As we begin to emerge from the aftermath of the credit crunch and the financial services industry begins to assess what good, if any, has come out of the crisis, the buy-side and in particular, hedge funds, should be able to applaud some tangible positives.
For one, the crisis has caused many hedge funds to address the issue of investor diversity. The speedy redemptions made by many high net worth investors in the wake of the Maddoff affair has led many funds to reassess the plausibility of relying too heavily on a small number of investors.
As a result, many hedge funds are taking advantage of the Ucits III mutual fund directive, which enables them to launch regulated, onshore versions of their strategies, enabling them to broaden their investor base to include retail investors.
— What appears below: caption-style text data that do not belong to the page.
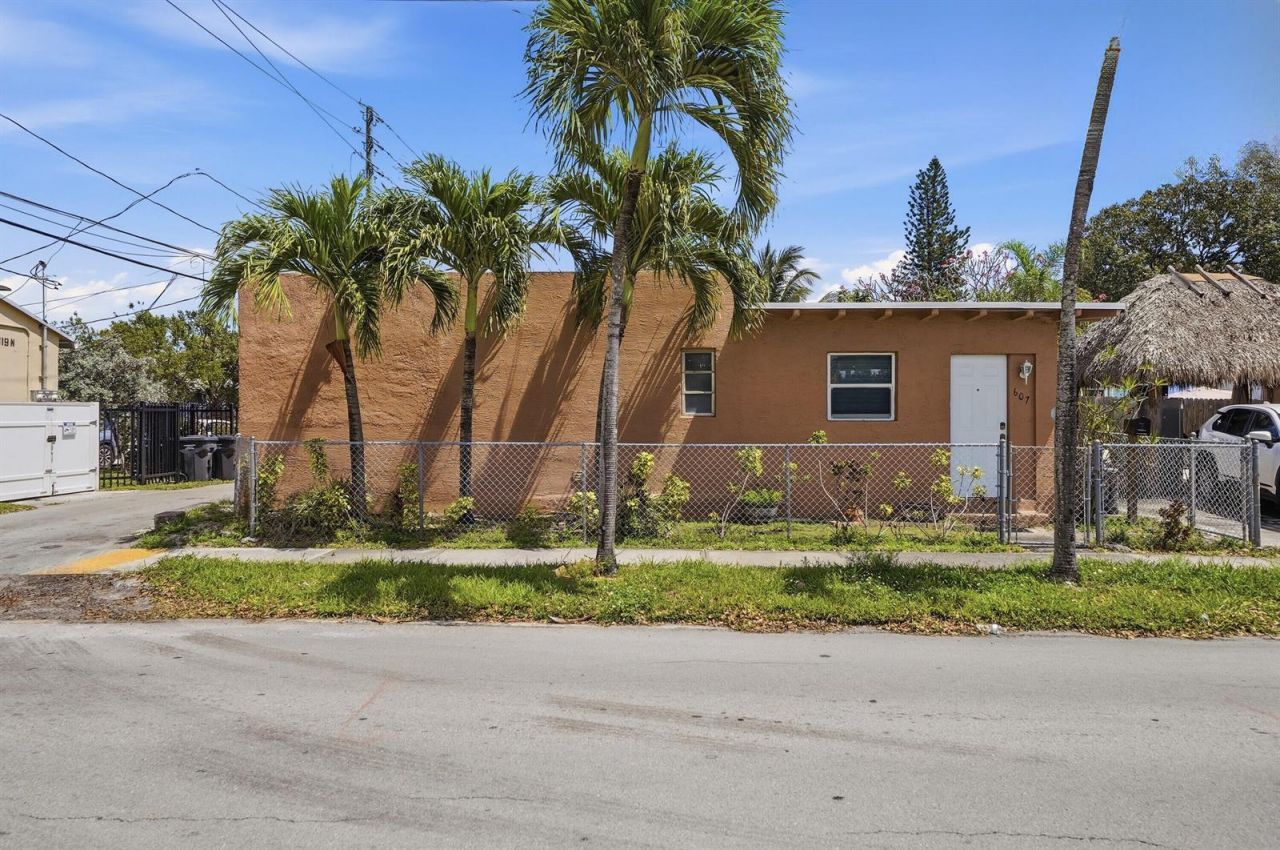 1959 Pierce Street , Hollywood, FL 33020 Photo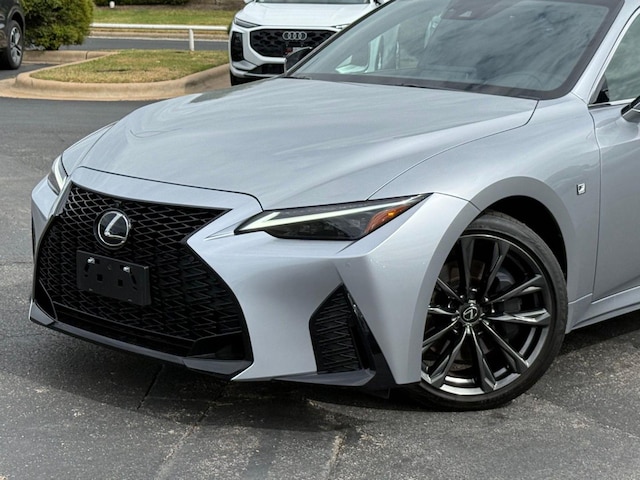 2023 Lexus IS 350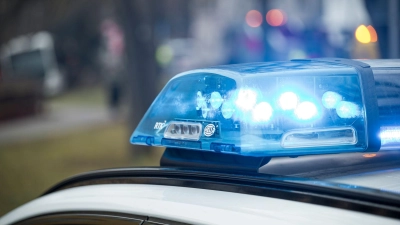 Die Fahndung lief erfolglos, die Polizei hofft nun auf Hinweise von Zeugen. (Symbolbild) (Foto: Daniel Vogl/dpa)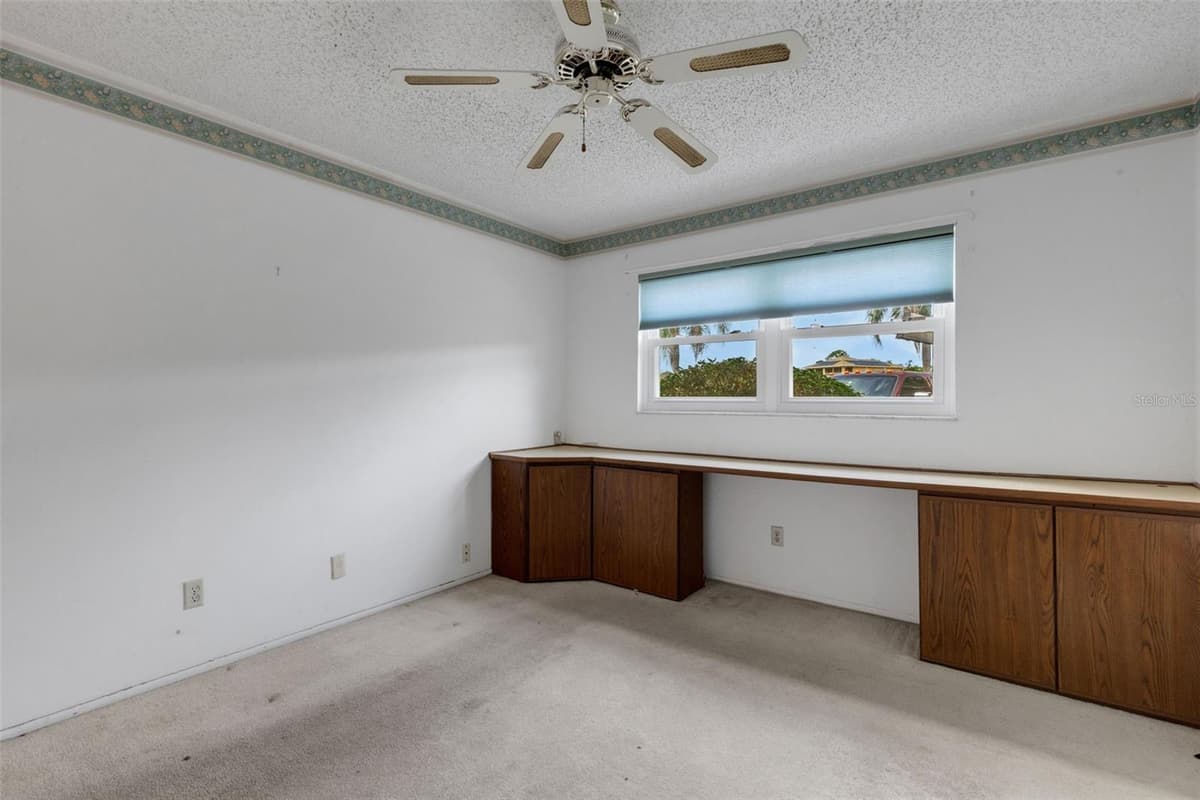 114 FERNWOOD CIRCLE — photo 25 of 41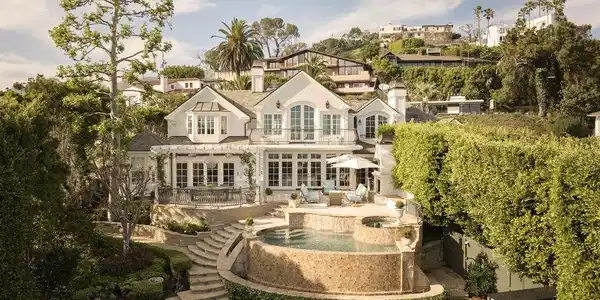 541 Paseo Miramar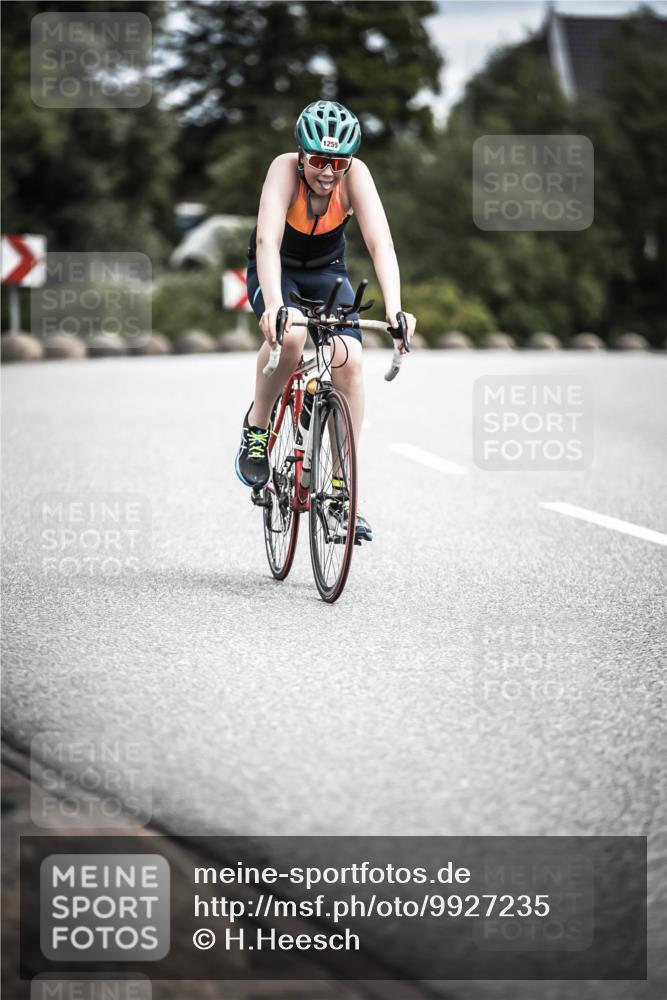 21.06.2026 - 29. Vierlanden-Triathlon H.Heesch http://msf.ph/oto/9927235 21.06.2026 14:55:58 Radfahren 1255 meine-sportfotos.de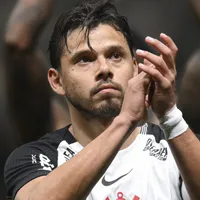 Romero é anunciado pelo Boca Juniors e Fiel repercute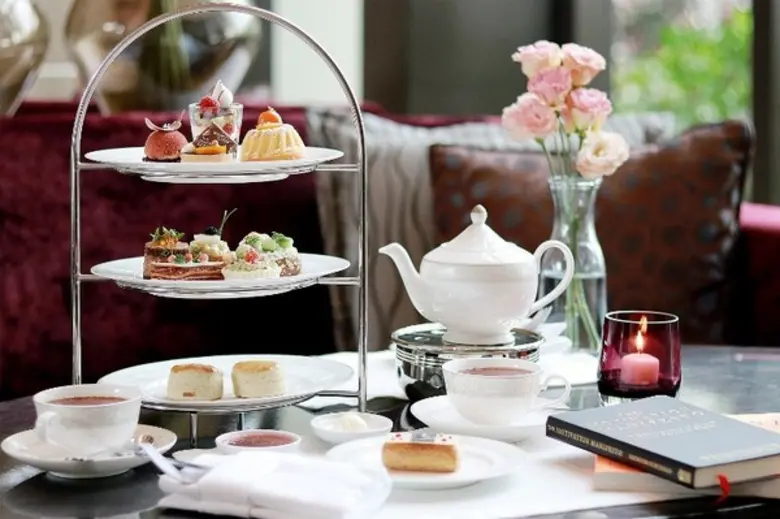 ชุดน้ำชายามบ่ายเอกลักษณ์เฉพาะของโรงแรมสยามเคมปินสกี้ กรุงเทพฯ“Lady KempinskiAfternoon Tea”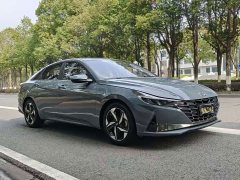 Hyundai Elantra 2022 1.5L CVT Luxury - ფოტო 3
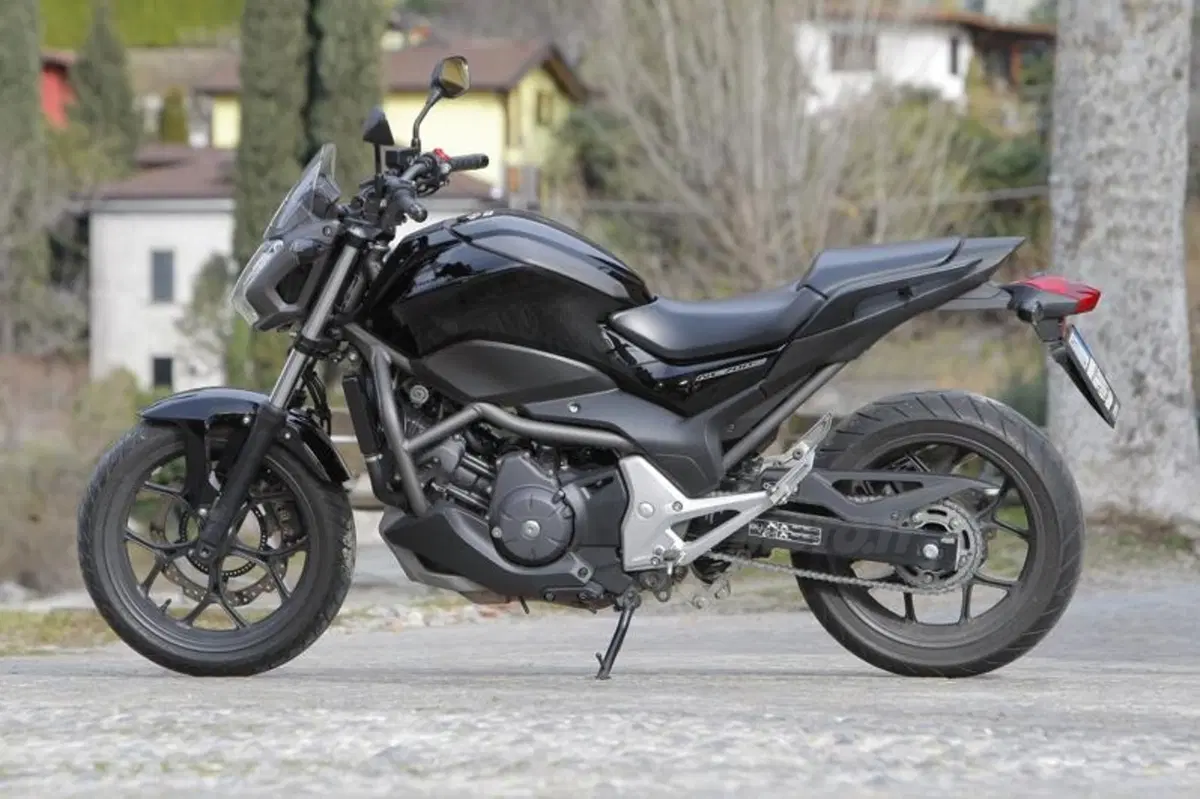 Honda NC700S ed X s.d.f.  (39)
A recent survey of 650 houses, conducted by HedgeFund Intelligence, found that a fifth of European hedge fund managers have launched, or are launching, a mainstream Ucits III mutual fund, while another third say they are considering doing so.
This type of investor diversification marks a real sense of progress for the hedge funds as it provides the alternative investment industry with a much more mainstream appeal, while making it markedly less vulnerable to the whims of a concentrated group of investors.
The crisis has also caused hedge funds to examine another oft-neglected Achilles heel: middle and back office operations. In a recent survey by Stonewall Consulting Group, 88% of survey respondents agreed that investors are spending more time and attention than ever before on due diligence and were nearly unanimous that the importance of operational due diligence has risen.
While this may provide hedge funds with the headache of overhauling their post trade operations in the short term, those that do invest in the area of operations will stand to gain a serious competitive advantage over those that do not. The good news for the buy-side is that in response to this increased focus that investors have on operations, vendors are coming up with innovative ways of improving current processes.
For example, following the collapse of Lehman Brothers, counterparty risk has developed into one of the top concerns for hedge funds. This in turn, has led to demand for a central counterparty which will provide protection for over-the-counter trades between the buy- and sell-side in Europe.
The credit crunch has claimed many victims, but it has also caused the financial industry to sit up and address flaws in the existing system. A by-product of these improvements is proving to be an increase in competition and a reduction in risks and costs, all changes that should be applauded.